Arthur Dent: Well, you can't have it, I'm using it!
Mouse: Hardly.
Arthur Dent: Cheeky mouse...

Arthur: [Arthur and Trillian are talking to each other at the party they meet at] I'm glad to meet you here, pretty much everyone else here are just idiots.
Trillian: [over music] What?
Arthur: I said,
[the record player is bumped, the music stops]
[everyone stares at him]
Arthur: Oooh...

The Book: Men were real men. Women were real women. And small, furry creatures from Alpha Centauri were real small, furry creatures from Alpha Centauri.

Arthur Dent: This must be Thursday. I never could get the hang of Thursdays.

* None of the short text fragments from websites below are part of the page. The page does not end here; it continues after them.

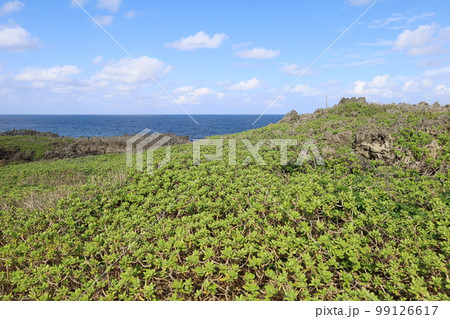 冬の沖縄ほっこり本部半島の古宇利島 99126617
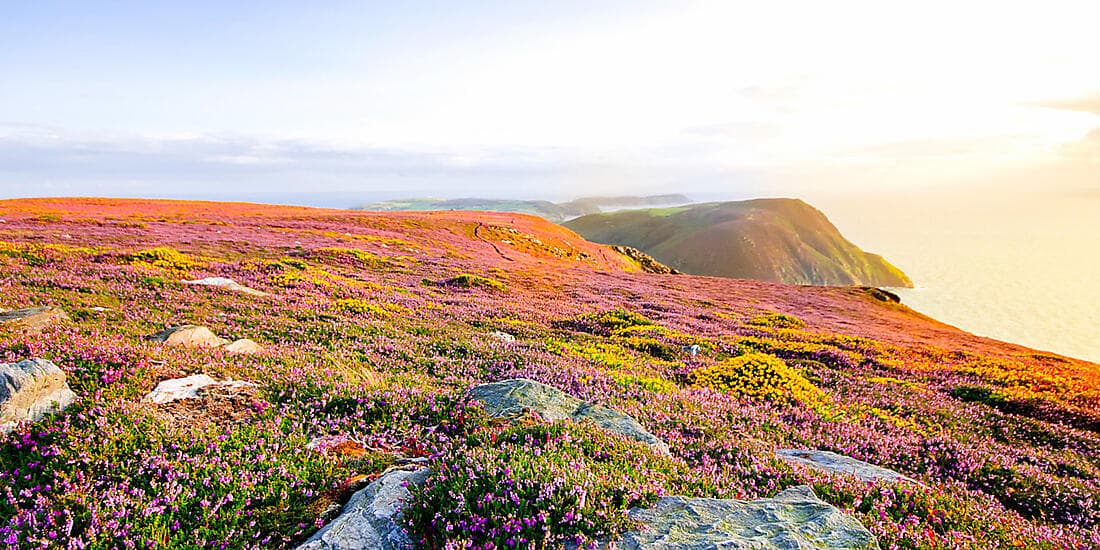 Wonders of the Celtic shores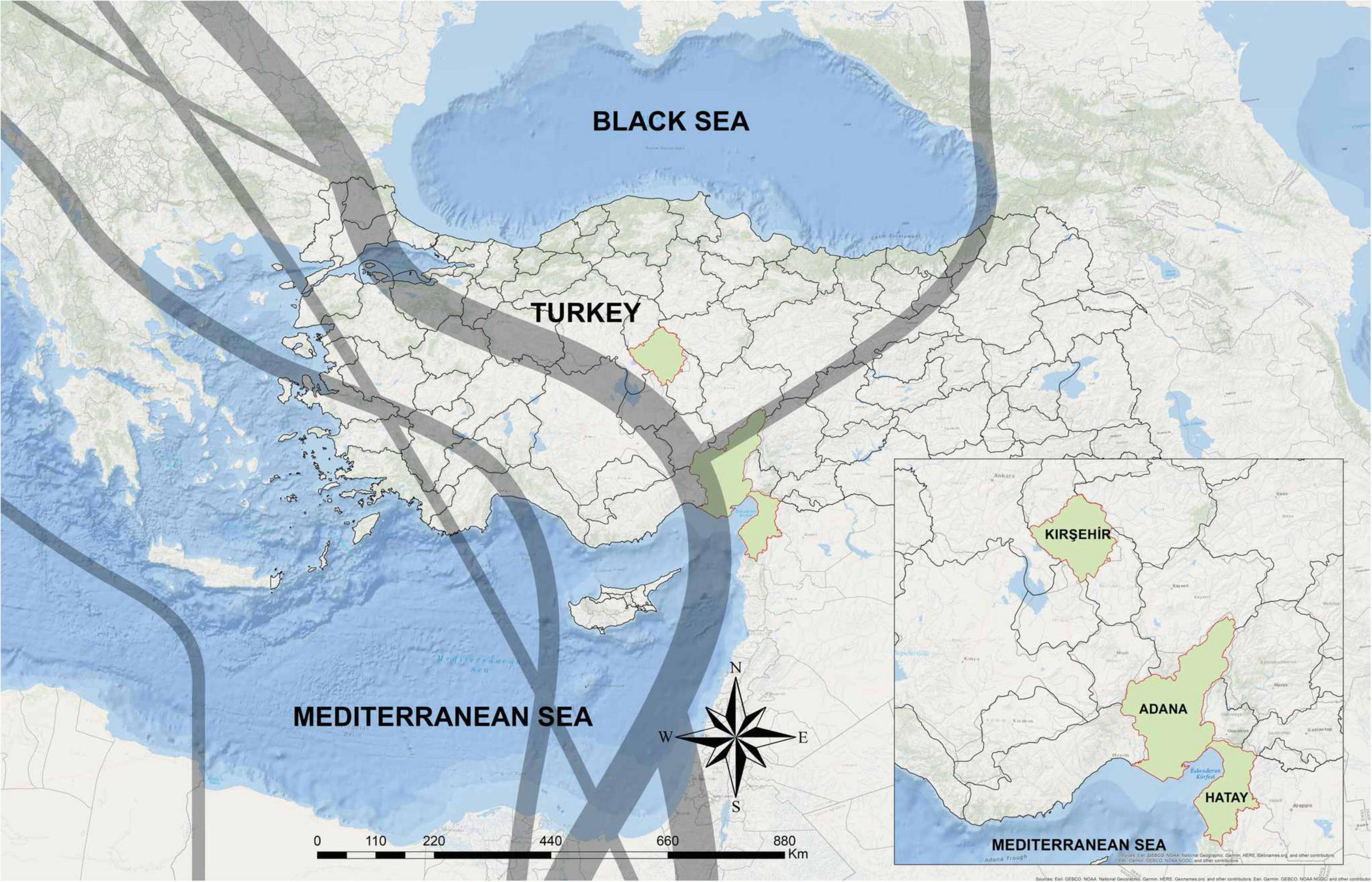 www.frontiersin.org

[about the Vogon Constructor ships]
The Book: They hung in the air exactly the same way that bricks don't.

Ford Prefect: Preparing for hyperspace. It's rather unpleasantly like being drunk.
Arthur Dent: What's so wrong about being drunk?
Ford Prefect: Ask a glass of water.

The Book: The Hitchhiker's Guide to the Galaxy also talks about love. It says, "Avoid if at all possible."

Arthur: Ford?
Ford: Yeah?
Arthur: I think I'm a sofa...
Ford: [pause] I know how you feel...

Gag Halfrunt: Zaphod's just zis guy, ya know?

Marvin: I think you ought to know I'm feeling very depressed.

Marvin: [repeated line] Life. Don't talk to me about life.

Trillian: Probability factor of one to one. We have normality. I repeat, we have normality. [pauses a beat] Anything you still can't cope with is therefore your own problem.



Nothing says "I digress" better than that.